Review of Nooks paper - Swift et al...

From: Prasanna Kumar Jayapal (prasak_at_winse.microsoft.com)
Date: Mon Jan 26 2004 - 13:36:22 PST

  • Next message: Slavik Krassovsky: "Mike Swift, Brian Bershad, and Henry Levy. Improving the Reliability of Commodity Operating Systems."

     

    This paper "Improving the Reliability of Commodity Operating Systems", describes the architecture, implementation and performance of Nooks, a new OS subsystem that isolates the OS from driver or extension failures. Nooks intends to significally reduce the OS crashes that happen due to the extension-related failures.
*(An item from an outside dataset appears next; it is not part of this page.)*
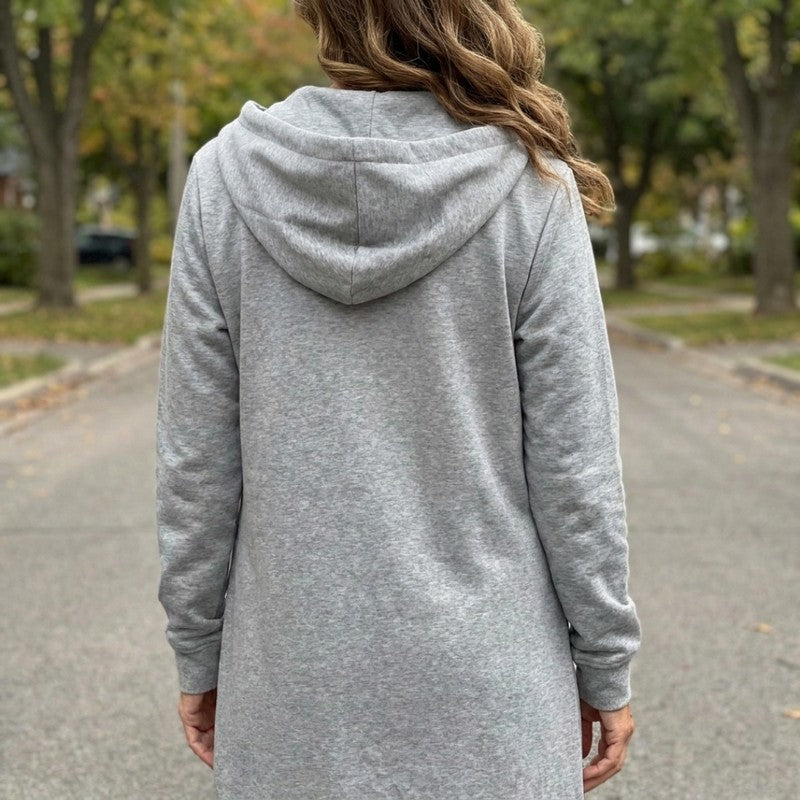 Women's Cardigan | Longline Zip-Up Hooded Style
The authors very nicely describe the need for Nooks, its design and implementation and in the end summarize their testing with the performance numbers.

     

    Nooks executes each extension in a light weight kernel protection domain, a previleged kernel mode environment which has restricted write access to kernel memory. It also inserts a reliability layer between the OS kernel and the extensions which provides Isolation, Interposition, Object Tracking and Recovery mechanisms. Then, extensions (device drivers) would communicate with the kernel via the Nooks abstraction using XPC (Extended Procedure Call), which is some what similar to the LRPC and PPC. The Nooks abstraction itself is trasparent to the extensions and there would be no code changes involved in the extensions. The object tracking in Nooks, tracks the extension's access to the kernel objects which allows the changes to be rolled back in case of an extension failure.

     

    The performance numbers presented by the authors are very impressive. Recovering automatically from 99% of the faults in the Linux environment seems appealing. Also, the performance penalty of around 10% for the most common drivers like the sound cards and ethernet cards seems acceptable. In the case of kHTTPd where the performance loss is most significant, I thought it was a very unique case and unusual to be present in the kernel.

     

    Although Nooks does not detect all the faults and it is not a fault tolerant system, it attempts in solving the reliability issue with no change to the existing device drivers and a minimal change to the OS kernel. This makes it very practical and very easy to implement.

     

    Overall, this was a though provoking and an interesting paper to read through. I am really curious to see if Windows can make use of such a system.

     


  • Next message: Slavik Krassovsky: "Mike Swift, Brian Bershad, and Henry Levy. Improving the Reliability of Commodity Operating Systems."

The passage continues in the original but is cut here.